Nearly every aspect of SRA was controversial, including its definition, the source of the allegations and proof thereof, testimonials of alleged victims, and court cases involving the allegations and criminal investigations. The panic affected lawyers', therapists', and social workers' handling of allegations of child sexual abuse. Allegations initially brought together widely dissimilar groups, including religious fundamentalists, police investigators, child advocates, therapists, and clients in psychotherapy. The movement gradually secularized, dropping or deprecating the "satanic" aspects of the allegations in favor of names that were less overtly religious such as "sadistic" or simply "ritual abuse" and becoming more associated with dissociative identity disorder and anti-government conspiracy theories.
Initial publicity came via the book Michelle Remembers (1980), and was sustained and popularized throughout the decade by the McMartin preschool trial.

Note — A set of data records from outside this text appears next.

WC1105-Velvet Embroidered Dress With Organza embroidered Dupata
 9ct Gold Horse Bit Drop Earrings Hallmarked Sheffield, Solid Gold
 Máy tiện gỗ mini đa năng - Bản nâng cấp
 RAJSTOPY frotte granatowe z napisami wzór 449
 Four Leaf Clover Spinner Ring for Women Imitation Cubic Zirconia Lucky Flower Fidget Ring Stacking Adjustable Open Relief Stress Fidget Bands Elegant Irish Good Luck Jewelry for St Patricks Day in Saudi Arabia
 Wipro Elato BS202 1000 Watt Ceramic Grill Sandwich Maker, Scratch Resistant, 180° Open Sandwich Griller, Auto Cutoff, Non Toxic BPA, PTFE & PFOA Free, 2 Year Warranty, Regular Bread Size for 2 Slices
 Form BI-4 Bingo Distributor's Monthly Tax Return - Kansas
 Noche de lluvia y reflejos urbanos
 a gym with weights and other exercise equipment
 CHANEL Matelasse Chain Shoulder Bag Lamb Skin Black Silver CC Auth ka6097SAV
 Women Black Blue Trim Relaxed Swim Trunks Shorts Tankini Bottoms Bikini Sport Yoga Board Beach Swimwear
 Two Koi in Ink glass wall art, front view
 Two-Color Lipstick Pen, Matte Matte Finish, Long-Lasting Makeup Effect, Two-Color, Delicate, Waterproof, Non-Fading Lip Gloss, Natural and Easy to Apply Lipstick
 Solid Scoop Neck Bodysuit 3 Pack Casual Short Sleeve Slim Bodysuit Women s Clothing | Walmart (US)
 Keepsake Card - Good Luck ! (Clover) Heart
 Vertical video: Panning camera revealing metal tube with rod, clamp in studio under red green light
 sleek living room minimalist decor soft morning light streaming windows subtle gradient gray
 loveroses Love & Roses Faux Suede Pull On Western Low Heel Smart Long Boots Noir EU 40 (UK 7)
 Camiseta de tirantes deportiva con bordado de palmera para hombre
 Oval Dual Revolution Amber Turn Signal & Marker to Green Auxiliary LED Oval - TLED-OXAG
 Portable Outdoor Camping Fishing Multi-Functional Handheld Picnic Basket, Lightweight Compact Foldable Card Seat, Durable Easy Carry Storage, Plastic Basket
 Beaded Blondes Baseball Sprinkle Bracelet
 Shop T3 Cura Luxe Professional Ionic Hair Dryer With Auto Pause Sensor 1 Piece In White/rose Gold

Testimonials, symptom lists, rumors, and techniques to investigate or uncover memories of SRA were disseminated through professional, popular, and religious conferences, as well as through the attention of talk shows, sustaining and further spreading the moral panic throughout the United States and beyond. In some cases, allegations resulted in criminal trials with varying results; after seven years in court, the McMartin trial resulted in no convictions for any of the accused, while other cases resulted in lengthy sentences, some of which were later reversed. Scholarly interest in the topic slowly built, eventually resulting in the conclusion that the phenomenon was a moral panic, with little or no validity.